En marche vers la guerre ?
Xi Jinping cherche à faire évoluer les deux piliers de légitimation du régime : l’idéologie et le nationalisme sont désormais accentués par rapport à la croissance économique et à la capacité de réponse du régime aux besoins de la population. L’idéologie commande avant tout une confiance sans faille dans le Parti et l’unité autour de son chef suprême (voir l’article de Sacha Halter). Le nationalisme est entretenu par une réécriture de l’histoire qui ravive le souvenir des humiliations infligées à la Chine par l’Occident et exalte le sentiment de grandeur nationale. Pour les diplomates surnommés « loups combattants », la guerre en Ukraine a été l’occasion de nourrir un sentiment de revanche contre l’« Occident », désigné comme agresseur de la Russie. Une rhétorique similaire a été utilisée lors de la visite de Nancy Pelosi à Taïwan, présentée comme une violation de la souveraineté de la République populaire de Chine sur l’île (voir l’article d’Antoine Bondaz). Comme le souligne son rapport au Congrès, Xi Jinping cherche à maintenir la cohésion sociale en attisant le sens de l’adversité et en entretenant une mystique de la lutte. La population est préparée aux sacrifices à venir. L’alternative est désormais claire : soit Taïwan collabore à sa propre annexion, soit la Chine fera usage de la force. Ce qui n’est pas dit, en revanche, c’est quand la Chine jugera ce moment opportun. L’histoire n’est cependant jamais écrite et le régime reste en proie à des contradictions.

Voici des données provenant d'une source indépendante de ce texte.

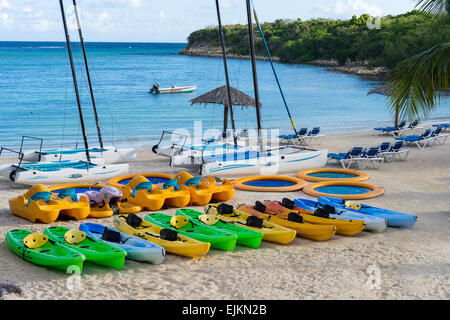 Antigua-Strand mit Katamarane und Kajaks Stockfoto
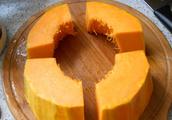 Pumpkin new way, do not make pumpkin cake, do not make steamed sponge cake, eat to want to eat more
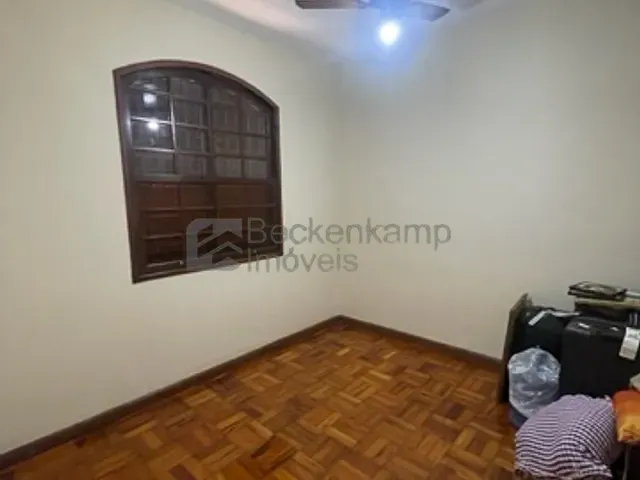 Casa com 260m² 4 quartos e 2 banheiros, à venda, no bairro Vila Santa Cecília em Volta Redonda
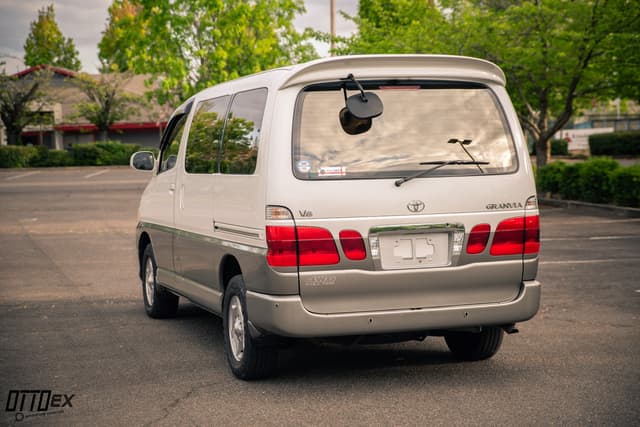2001 Toyota Granvia JDM car for sale — photo 8 of 25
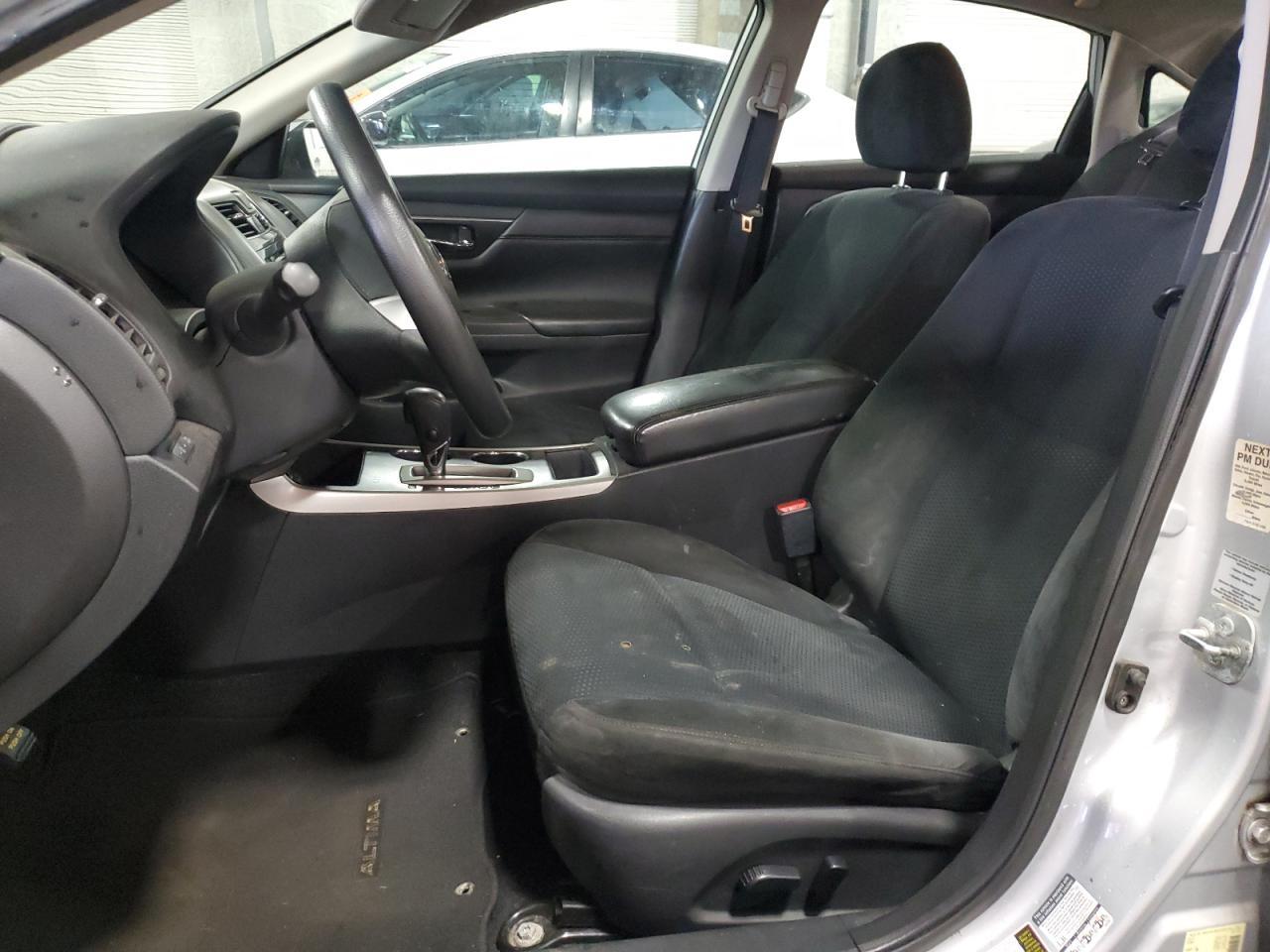 2015 Nissan Altima 2.5 S - Фото 7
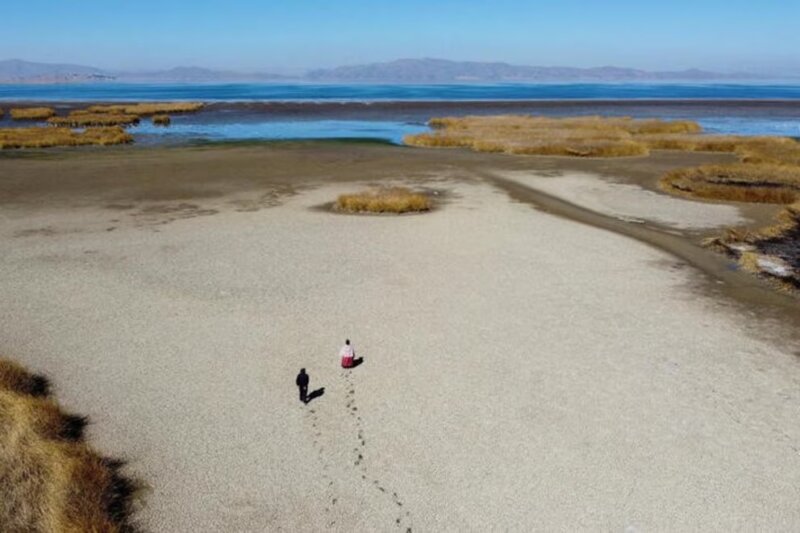 Puno: peligroso descenso del Lago Titicaca obliga a las autoridades a reconstruir los muelles lejos de la orilla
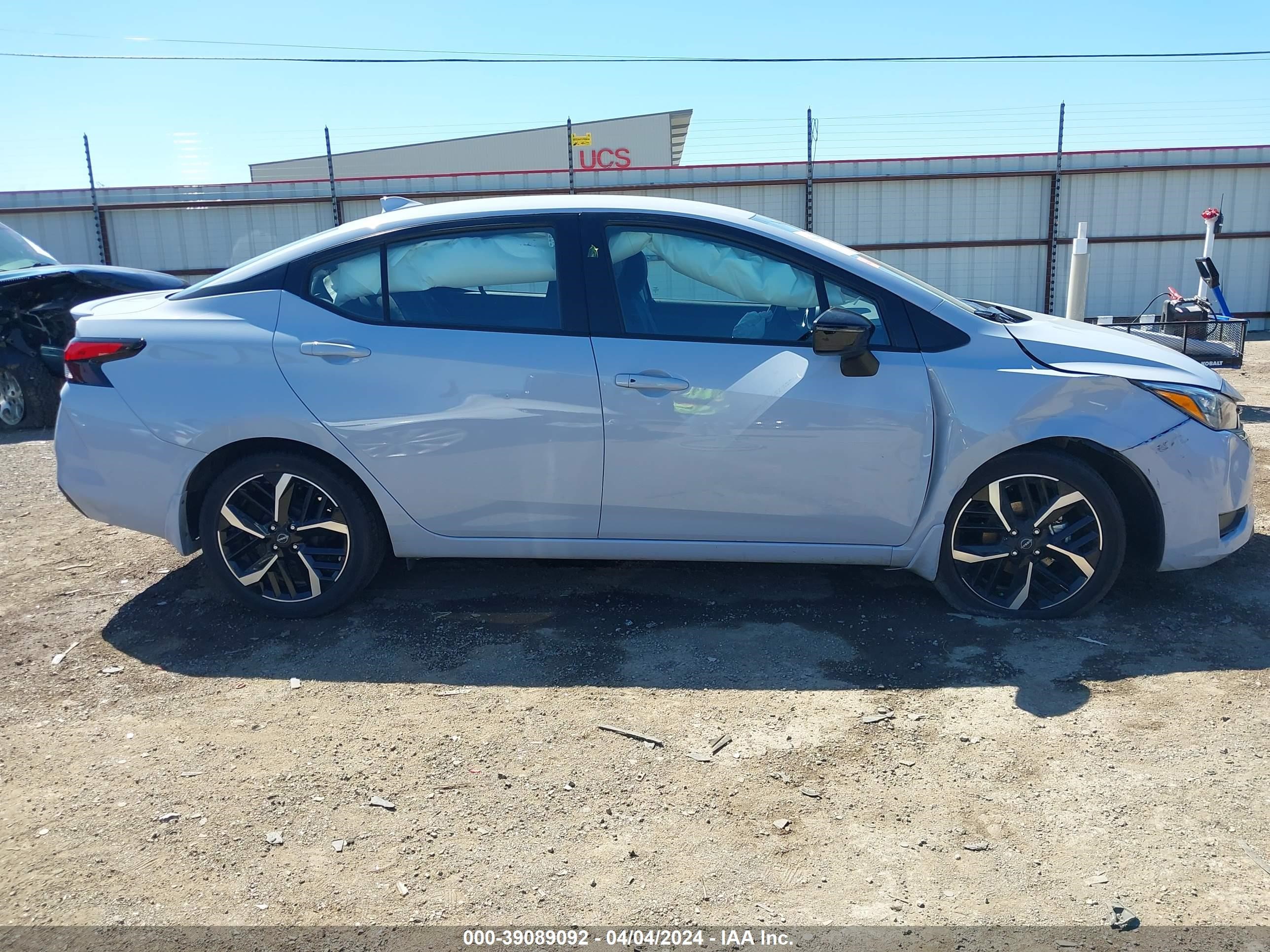 Photo 12 VIN: 3N1CN8FV5PL860380 - NISSAN VERSA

- 1. « Comment l’espérance de vie en Chine a dépassé celle des États-Unis » [en ligne], Le Grand Continent, 14 septembre 2022.
- 2. Voir Jérôme Doyon, « Que reste-t-il du communisme en Chine ? », Le Monde diplomatique, juillet 2021.
- 3. Voir Chloé Froissart, « Le coronavirus révèle la matrice totalitaire du régime chinois », Le Monde, 11 février 2020.
- 4. Entre avril et juin 2022, des épargnants de la province du Henan ont tenté en vain de récupérer leurs avoirs détenus par les banques de la capitale provinciale.
- 5. Voir Jean-Louis Rocca, Une sociologie de la Chine, Paris, La Découverte, coll. « Repères », 2010.